● ACTIVITY: Please give the entries below again exactly, omitting every picture.

● SOURCE DATA:
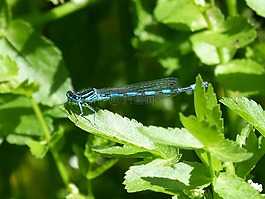 蜻蜓,藍(lán)蜻蜓,飛行昆蟲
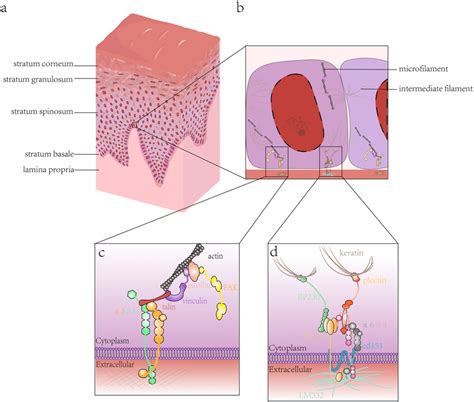 Microstructure Of Two Adhesion Structures On Basal Keratinocytes A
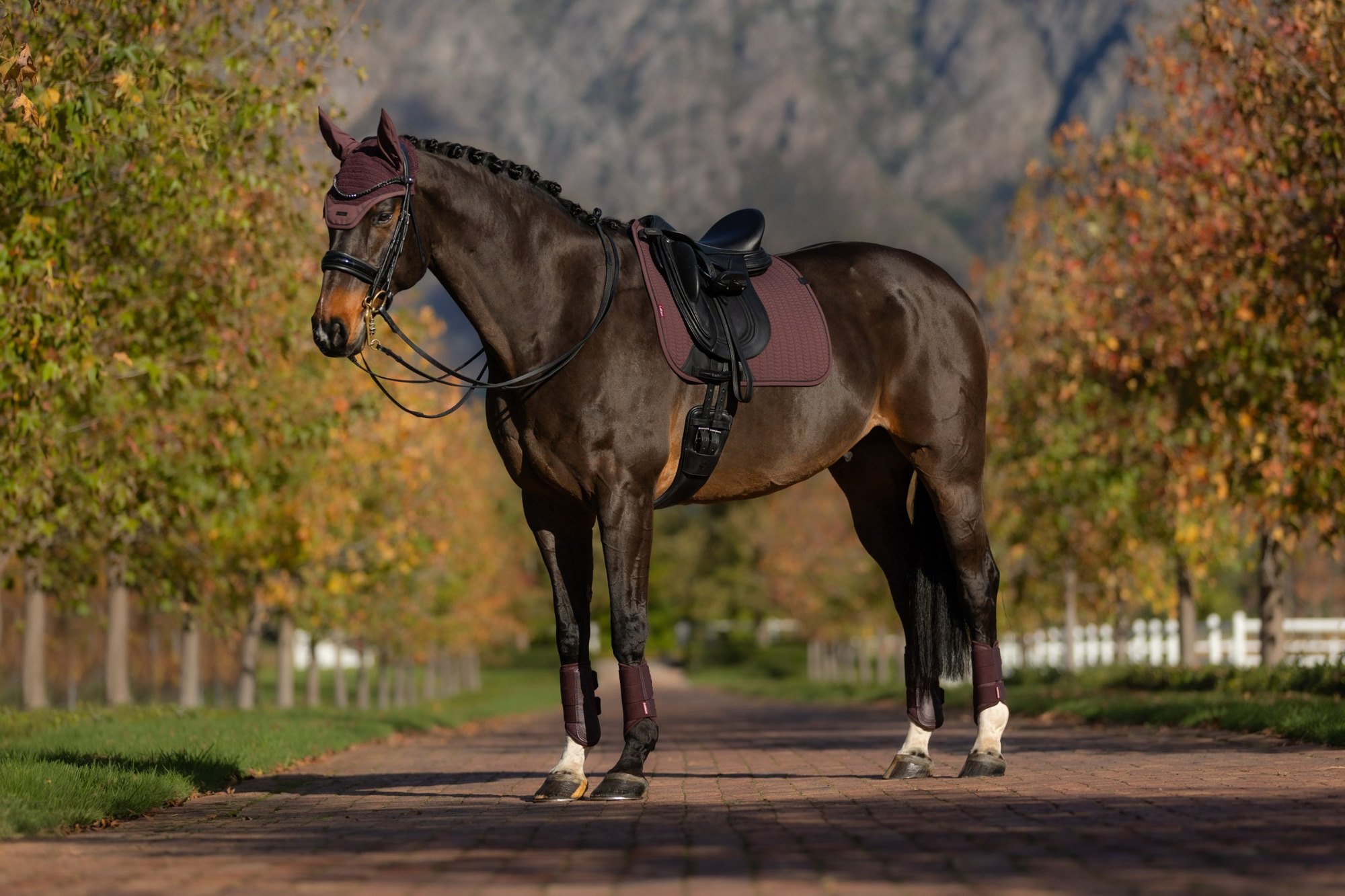 LeMieux AW25 Essence Dressage Saddle Pad Damson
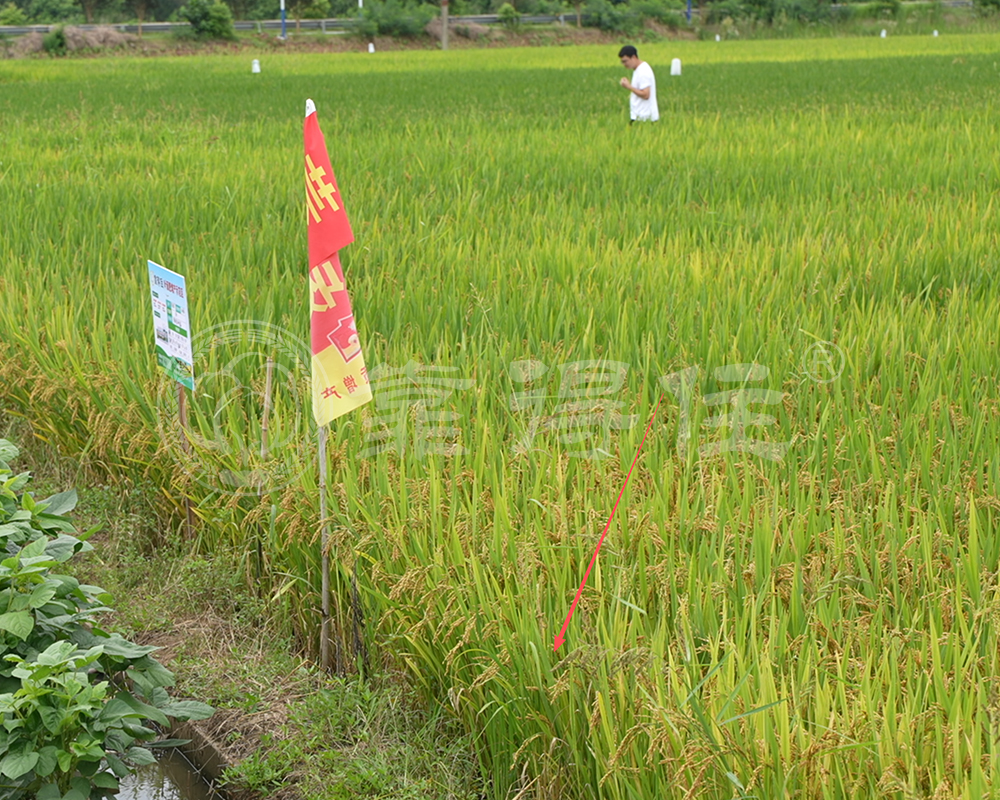 水稻灌浆期叶面肥喷施技术：抓住产量最后的“加分项”
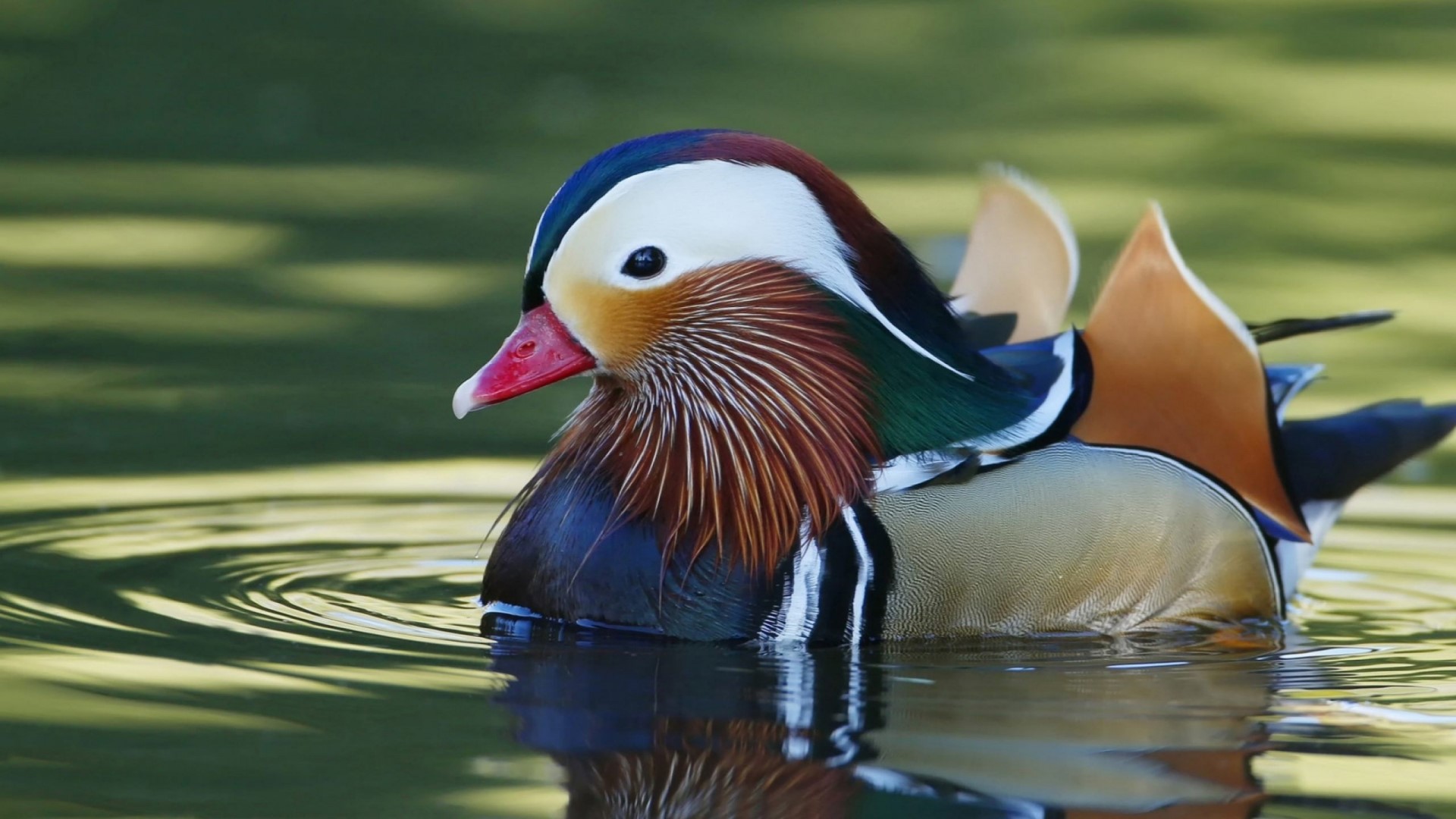 Mandarin Duck swimming in water HD Wallpaper
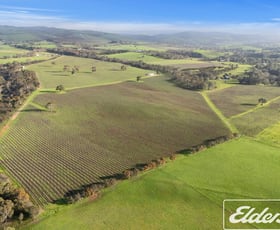 Rural / Farming commercial property for sale at 200 Braeside Road Finniss SA 5255
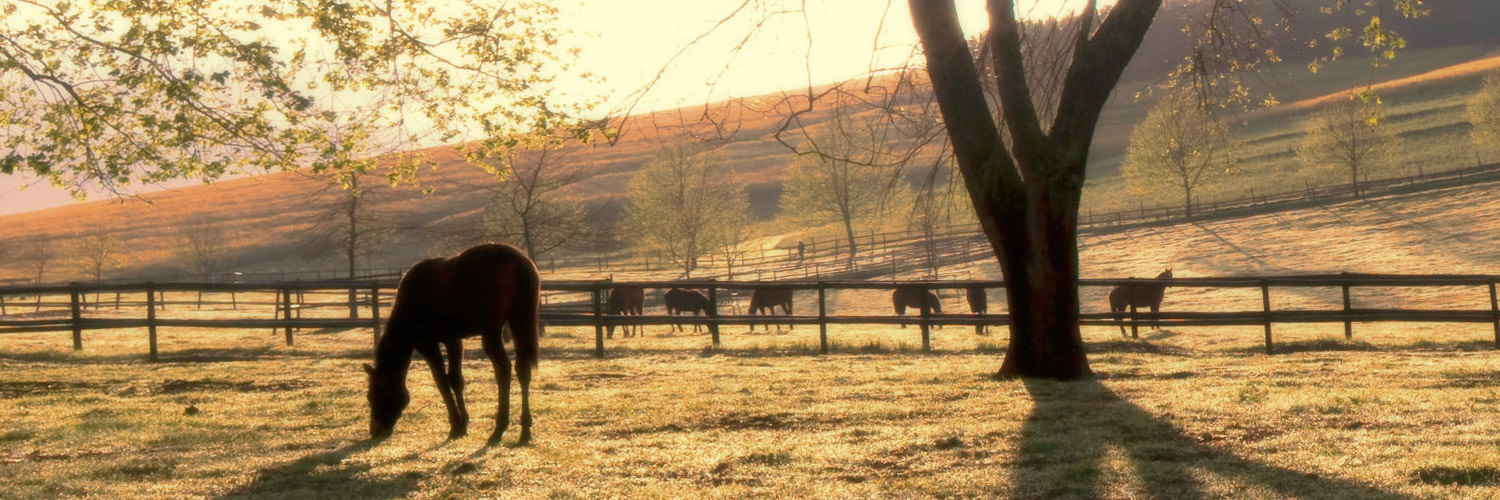 horse-paddocks-at-sunset.jpg
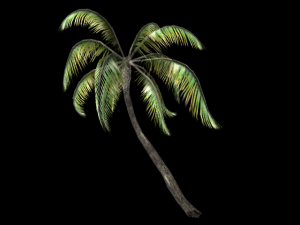 palm tree Model 3D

● SOLUTION TO THIS TASK:
 蜻蜓,藍(lán)蜻蜓,飛行昆蟲
 Microstructure Of Two Adhesion Structures On Basal Keratinocytes A
 LeMieux AW25 Essence Dressage Saddle Pad Damson
 水稻灌浆期叶面肥喷施技术：抓住产量最后的“加分项”
 Mandarin Duck swimming in water HD Wallpaper
 Rural / Farming commercial property for sale at 200 Braeside Road Finniss SA 5255
 horse-paddocks-at-sunset.jpg
 palm tree Model 3D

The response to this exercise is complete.